Families should ensure the welfare of children. In fact ensuring the wellbeing of the next generation is one of the primary purposes of family. Thus we have another easy ideal with which to question the health of the modern family: does it care for children? Does it put their needs, their rights, and their welfare first? What type of family structure or parental arrangement is best for children?

Unless evidence can show that the traditional “option” of a mother and a father in a committed monogamous relationship is not ideal, why do we so hastily dilute the meaning of the word “family” to include any and every new set of circumstances? Brown asserts the validity of these options with no justification other than the fact that they are new, available, and have been  occurring in society.

Certainly, the data paints a picture of fragmentation and flux regarding family structures. We would imagine that even those 15% of families that resemble what is considered “traditional” have more than their fair share of dysfunction. Fathers and mothers have left their children and spouses, most families are divorced or broken in one way or another, and young parents are frequently underprepared for the necessary responsibility and commitment. We heartily affirm the valiant efforts of loving individuals who attempt to pick up the pieces of such unfortunate circumstances, but we do them no good by attempting to re-label their circumstances as merely “new options”.

The fact that there is infidelity in many marriages says nothing against the goodness or possibility of marital fidelity. The fact that many children grow up without a mother or a father does not mean that mothers and fathers are not the ideal parents for a child. The fact that separation, division, irresponsibility, betrayal, and selfishness break up so many families and cheat so many children out of a normal life does not mean that we should throw up our hands and calls such circumstances “options”. In fact, we must realize that the ideals of what a family could and should be are what allow us to affirm our best efforts in imperfect situations. We say such things as “he is like a father to me” or “they were the only family I ever knew” precisely because we recognize the heroic love and sacrifices that often occur in less-than-ideal situations. Either there is such a thing as an ideal family, and loving individuals in less-than-ideal situations strive to provide something like it, or there is no such thing as an ideal family, and all of our judgments, opinions, praise, criticisms, and “family and marriage research” are meaningless.

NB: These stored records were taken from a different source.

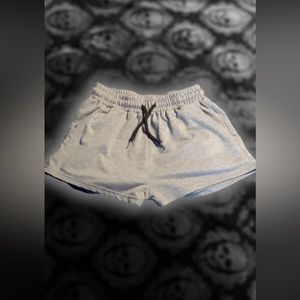 Comfy active S butterfly patterned grey SHIEN jogging shorts with drawstring!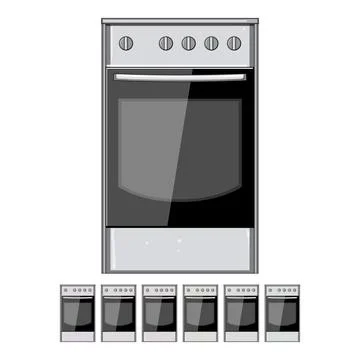 Home kitchen stove cartoon vector graphic Stock Illustration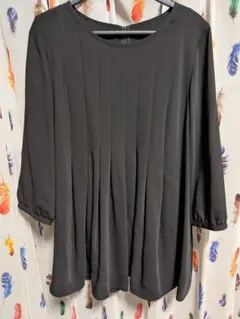 新品☆ローズティアラ黒のプリーツ五分袖トップスチュニック大きいサイズ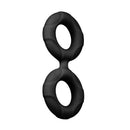 Forto F-81 Silicone Cock & Ball Double Ring Small Black on a white background, showcasing its sleek design.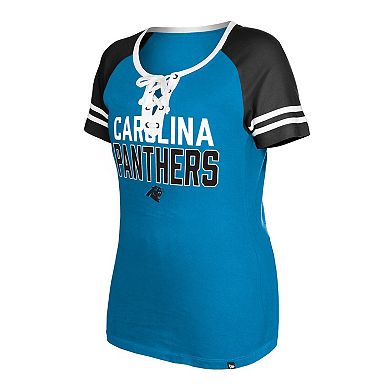 Women's New Era Blue Carolina Panthers Raglan Lace-Up T-Shirt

The data in the “State of the American Family” is interesting and certainly has its place in the public discourse; it tells us where we are currently at and clues us in to how we got here. However, even Dr. Wendy Manning recognizes that there is something of importance intuited in the primordial family relationship:

Everyone has a family. As the primary organizational group in our society, people are aware that healthy families are key to a healthy society. People sense intuitively that families are evolving and, therefore, are interested in our findings. 

Dr. Manning, we couldn’t agree more: everyone has a family, healthy families are key to healthy societies, and the state of the family is drastically changing. The first two observations, if taken seriously, should give us great pause in light of the third.

We are in need of frank, courageous, and honest consideration of the traditional, primordial model of the human family which the researchers at the NCFMR so readily marginalize. Let us think carefully on the nature and purpose of family, not in order to condemn best efforts of loving individuals in tough situations, but in order that we may plot a course of true progress, even if it means retracing our steps.